Companies have been preparing for workers to return to the office in England – but is a return to the office based 9-5 the right way of approach?
Where am I supposed to be working?
Despite the easing of restrictions, everyone who can work from home should still do so.
If your job can’t be done from home, you can travel into the workplace.
However, you shouldn’t go to work if:
You’re self-isolating because you have coronavirus symptoms
You’ve been in contact with someone who has tested positive
You’re in quarantine after travelling abroad
Why does the government want people back in the office?
The government wants to help companies which have suffered during lockdown, including those in city centres which rely on office workers.
It’s also keen to cut the cost of paying furloughed staff by encouraging businesses to reopen. More than £100bn has been spent on support for jobs.
In England, most people should keeping working at home until final restrictions are removed.
That now won’t happen on 21 June because of concerns about the Delta variant first identified in India.
Even when the lifting of restrictions does happen, life in the workplace may be affected the findings of a review into social distancing.
Can I ask to keep working from home when the advice changes?
You can ask to keep working from home, but that doesn’t mean your employer has to agree.
The Chartered Institute for Personnel and Development (CIPD), which represents HR professionals, says decisions will depend on factors including individual circumstances and the type of job.
It says: “Employers have a duty of care to all their staff and [must] treat people reasonably and fairly… and be as flexible as possible when dealing with any concerns people have.”
However, lots of companies have already said they expect to have a mixture of staff in the office and at home. Several firms have said that workers will be able to decide where they’re based.
That’s partly because the pandemic has shown that home-working can be effective, but also because shutting or reducing office space can save money.
What does my employer have to do to keep me safe?
In England, the current guidance says employers should complete a Covid risk assessment, and take steps to prevent transmission, including:
Minimising unnecessary visitors
Ensuring 2m (6ft) social distancing, or 1m social distancing with additional precautions
Extra hand washing facilities
One-way systems to minimise contact
Using back-to-back or side-to-side working (rather than face-to-face) whenever possible
Staggering start/end times
All retail staff and customers must wear face coverings, unless they’re exempt.
Regular lateral flow testing for Covid is already widespread in many sectors, and anyone in England or Scotland can also order tests directly.
There’s more detailed guidance for specific industries including construction, hospitality and manufacturing.
If employees feel unsafe, they can contact their local authority, Citizens Advice or the Health and Safety Executive (HSE).
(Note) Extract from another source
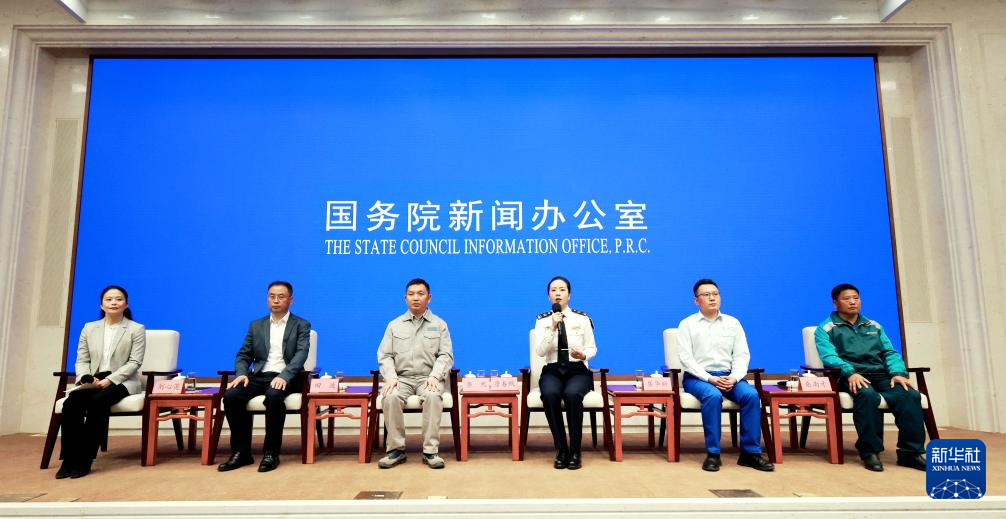 5月29日，國務(wù)院新聞辦公室在北京舉行“新征程上的奮斗者”中外記者見面會，交通運輸領(lǐng)域代表圍繞“加快建設(shè)交通強國 勇當(dāng)開路先鋒”與中外記者見面交流。新華社記者 潘旭 攝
The HSE has carried more than 200,000 inspections to check companies are following Covid rules, and can force firms to take action if not.
Is it safe to use public transport?
Much of the risk depends on how crowded it is, and your distance from other people.
Wearing a mask helps, as does keeping windows open, and avoiding peak journey times where possible.
Train companies are increasing capacity to help prevent overcrowding, and are carrying out extra cleaning.
Transport for London says it’s using hospital-grade cleaning materials across its trains, trams, buses and stations.
It also says capacity limits will remain on all non-school buses, to help maintain social distancing.
Previous advice – that millions of “clinically extremely vulnerable” people should shield – has now ended.
Many continue to work from home, but if your job cannot be done remotely, your employer can ask you to return to the workplace.
However, they still have a responsibility to keep you safe, so you should raise any specific concerns you have about going back.
In addition, if you are disabled, your employer has an extra responsibility to make and pay for “reasonable adjustments”.